» DATA SHOWN
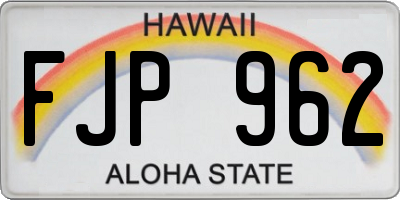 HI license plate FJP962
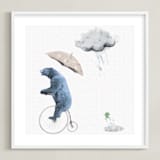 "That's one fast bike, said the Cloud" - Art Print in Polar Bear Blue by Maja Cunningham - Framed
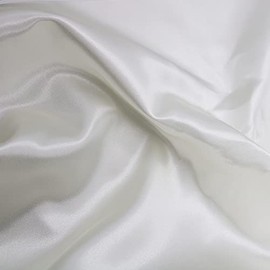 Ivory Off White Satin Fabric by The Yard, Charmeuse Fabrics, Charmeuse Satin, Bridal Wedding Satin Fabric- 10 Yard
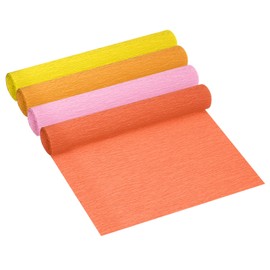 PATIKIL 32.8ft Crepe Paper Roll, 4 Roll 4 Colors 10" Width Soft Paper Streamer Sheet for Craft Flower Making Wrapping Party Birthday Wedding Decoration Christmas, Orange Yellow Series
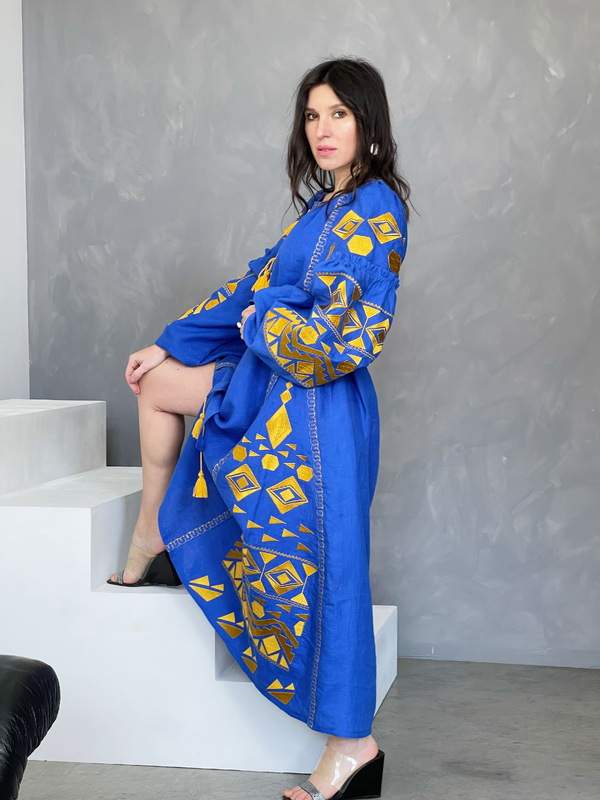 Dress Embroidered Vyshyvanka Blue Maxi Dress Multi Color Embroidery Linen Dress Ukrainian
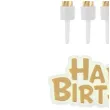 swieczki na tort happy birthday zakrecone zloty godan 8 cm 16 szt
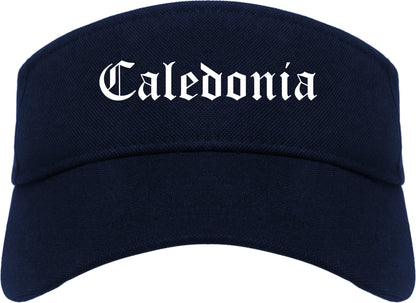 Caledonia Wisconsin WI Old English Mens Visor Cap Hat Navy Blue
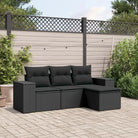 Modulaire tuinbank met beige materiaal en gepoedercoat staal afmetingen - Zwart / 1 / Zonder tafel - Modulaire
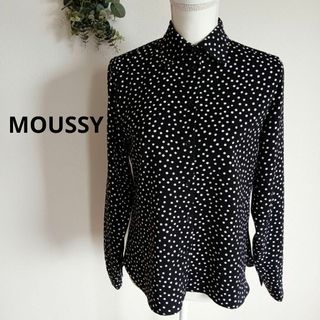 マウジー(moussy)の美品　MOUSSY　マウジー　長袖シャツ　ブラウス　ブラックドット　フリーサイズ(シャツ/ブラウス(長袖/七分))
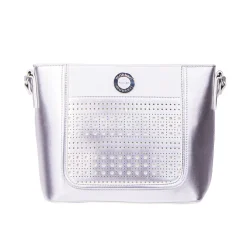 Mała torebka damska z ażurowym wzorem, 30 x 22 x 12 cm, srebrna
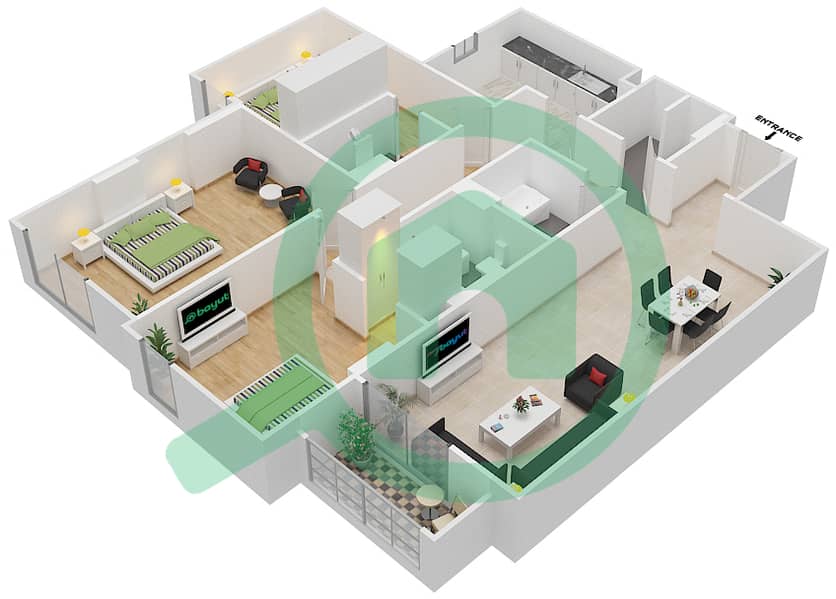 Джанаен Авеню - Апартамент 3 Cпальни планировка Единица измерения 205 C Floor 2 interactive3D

» EXERCISE PROMPT
Pictures are not part of the copy; retype all the other material exactly.

» RESULT OF THE TASK
 HI license plate FJP962
 "That's one fast bike, said the Cloud" - Art Print in Polar Bear Blue by Maja Cunningham - Framed
 Ivory Off White Satin Fabric by The Yard, Charmeuse Fabrics, Charmeuse Satin, Bridal Wedding Satin Fabric- 10 Yard
 PATIKIL 32.8ft Crepe Paper Roll, 4 Roll 4 Colors 10" Width Soft Paper Streamer Sheet for Craft Flower Making Wrapping Party Birthday Wedding Decoration Christmas, Orange Yellow Series
 Dress Embroidered Vyshyvanka Blue Maxi Dress Multi Color Embroidery Linen Dress Ukrainian
 swieczki na tort happy birthday zakrecone zloty godan 8 cm 16 szt
 Caledonia Wisconsin WI Old English Mens Visor Cap Hat Navy Blue
 Modulaire tuinbank met beige materiaal en gepoedercoat staal afmetingen - Zwart / 1 / Zonder tafel - Modulaire
 マウジー(moussy)の美品　MOUSSY　マウジー　長袖シャツ　ブラウス　ブラックドット　フリーサイズ(シャツ/ブラウス(長袖/七分))
 Mała torebka damska z ażurowym wzorem, 30 x 22 x 12 cm, srebrna
 Джанаен Авеню - Апартамент 3 Cпальни планировка Единица измерения 205 C Floor 2 interactive3D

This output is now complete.